Problem details ▸
In the entries that follow, the lines from the line containing "Lord Forecaster 70S" up to and including the line containing "3300 Calvin Road, Monticello, GA 31064" must be copied exactly, with pictures omitted.

Data for this task ▸
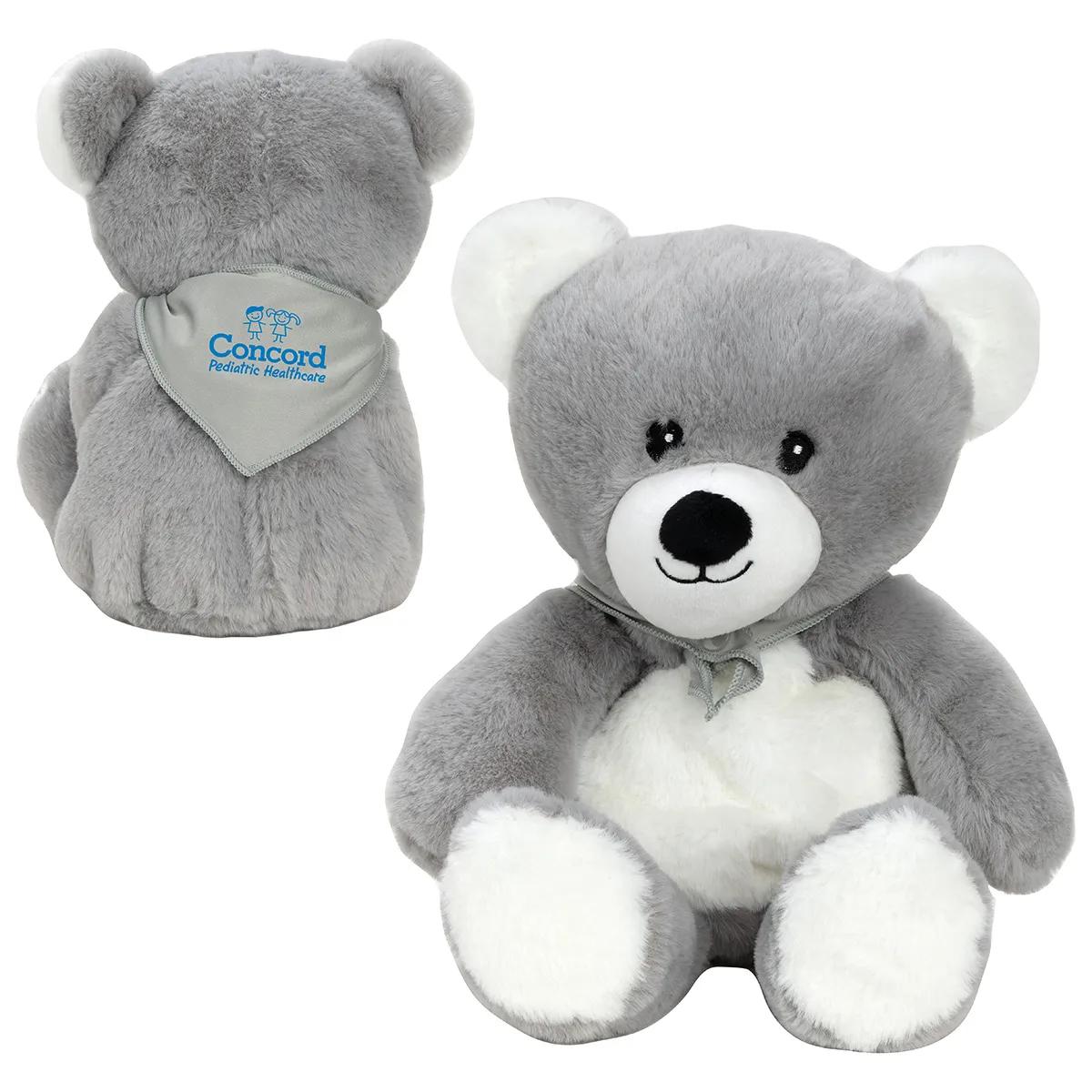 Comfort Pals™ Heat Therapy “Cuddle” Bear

---

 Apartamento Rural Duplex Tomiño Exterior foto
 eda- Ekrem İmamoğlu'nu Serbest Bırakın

---

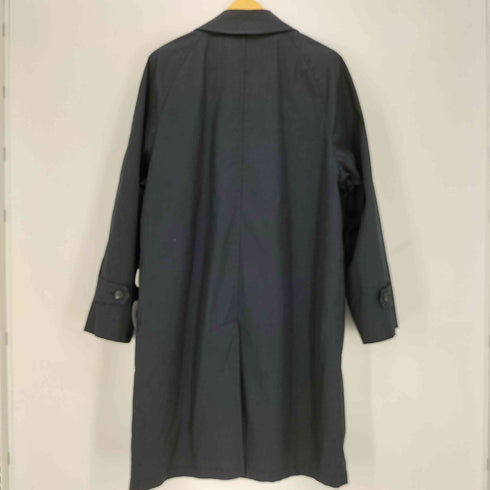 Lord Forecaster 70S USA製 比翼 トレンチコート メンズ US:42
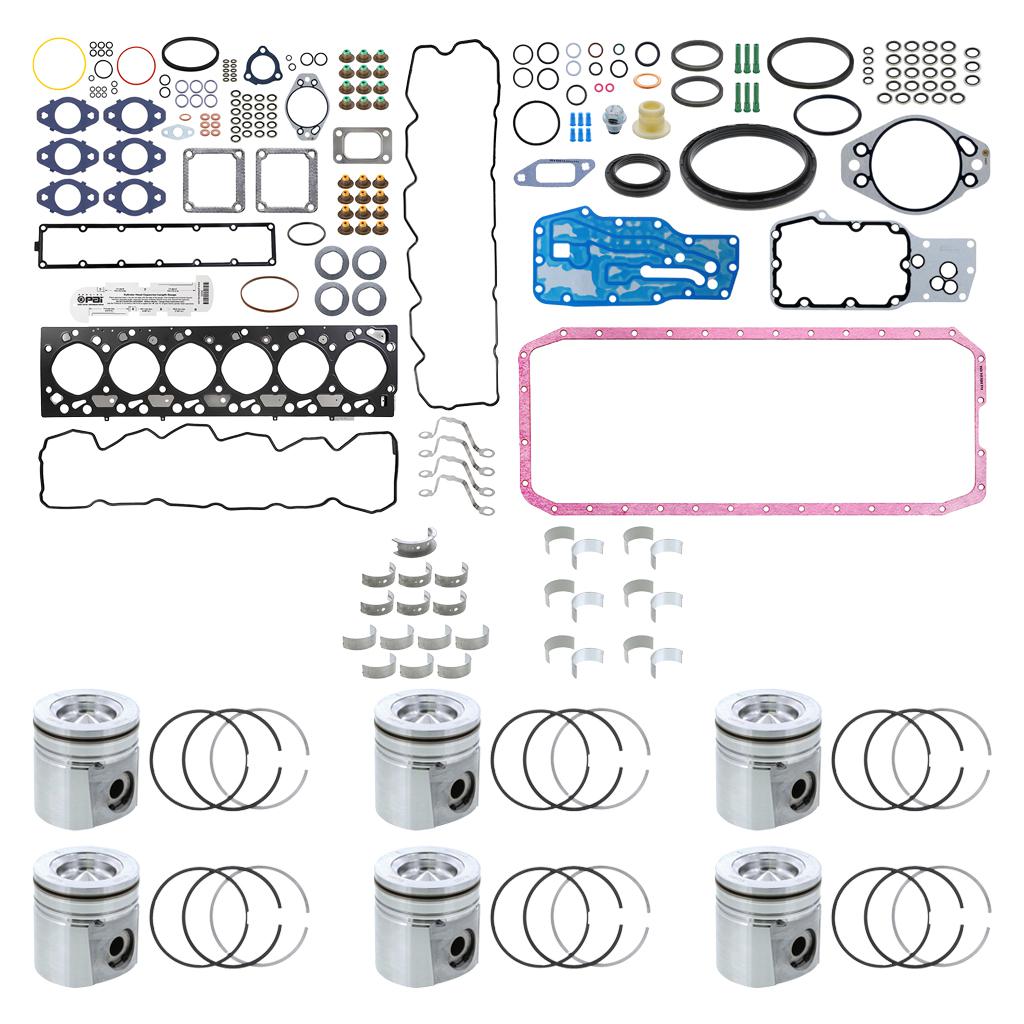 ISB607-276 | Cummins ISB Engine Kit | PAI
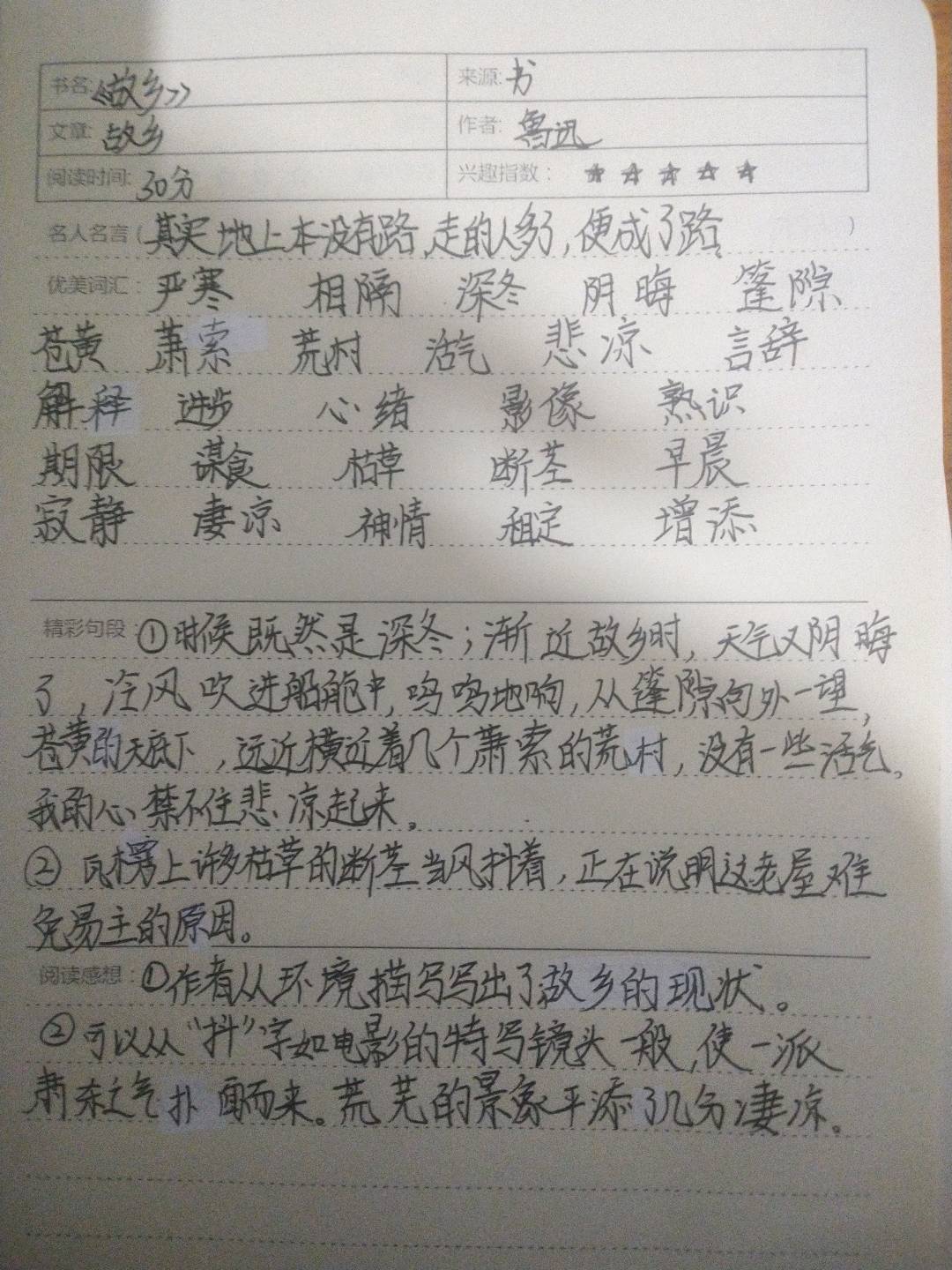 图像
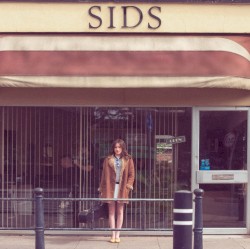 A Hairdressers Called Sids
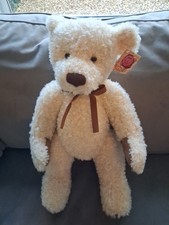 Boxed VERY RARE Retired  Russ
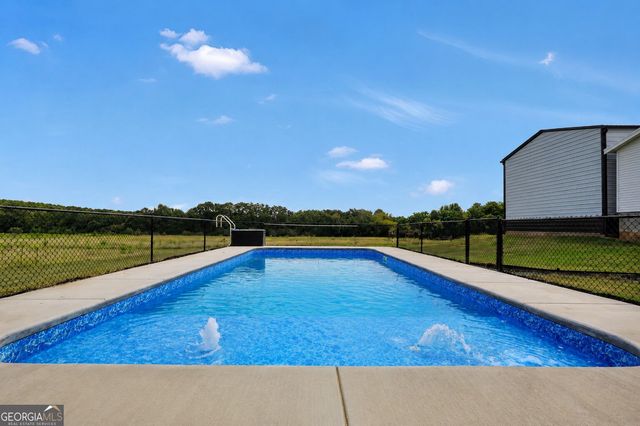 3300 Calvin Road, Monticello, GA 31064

Answer section ▸
 Lord Forecaster 70S USA製 比翼 トレンチコート メンズ US:42
 ISB607-276 | Cummins ISB Engine Kit | PAI
 图像
 A Hairdressers Called Sids
 Boxed VERY RARE Retired  Russ
 3300 Calvin Road, Monticello, GA 31064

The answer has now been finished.